### Assignment
Among the records below, find the line with "Khoá đôi double" and the line with "Hollister Crochet Top". Set down both and every line between, exactly and with no pictures, but nothing else.

### Given data
☆ ☆ ☆ ☆ ☆ ☆ ☆

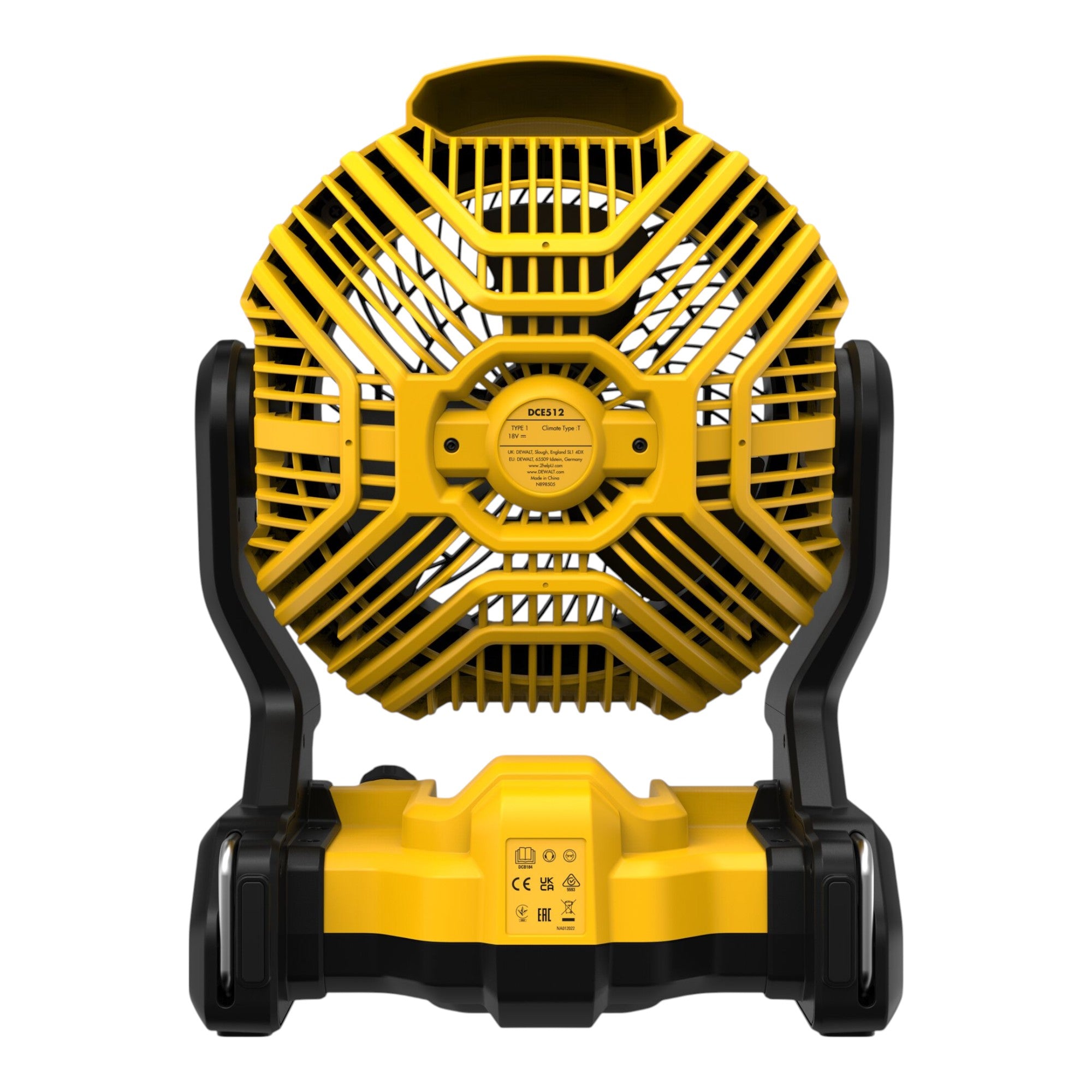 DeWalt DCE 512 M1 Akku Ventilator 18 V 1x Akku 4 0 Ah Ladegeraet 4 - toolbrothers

☆ ☆ ☆ ☆ ☆ ☆ ☆

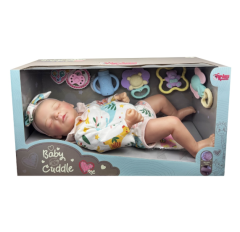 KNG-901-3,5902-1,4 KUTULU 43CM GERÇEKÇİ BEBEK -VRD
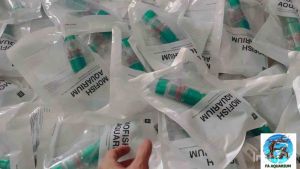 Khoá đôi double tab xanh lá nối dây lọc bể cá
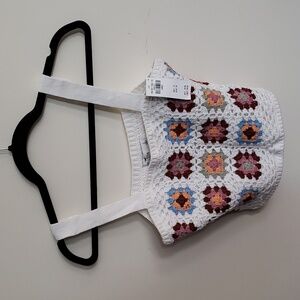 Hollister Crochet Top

☆ ☆ ☆ ☆ ☆ ☆ ☆

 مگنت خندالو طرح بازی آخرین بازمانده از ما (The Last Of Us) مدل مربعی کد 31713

☆ ☆ ☆ ☆ ☆ ☆ ☆

### Reply
 Khoá đôi double tab xanh lá nối dây lọc bể cá
 Hollister Crochet Top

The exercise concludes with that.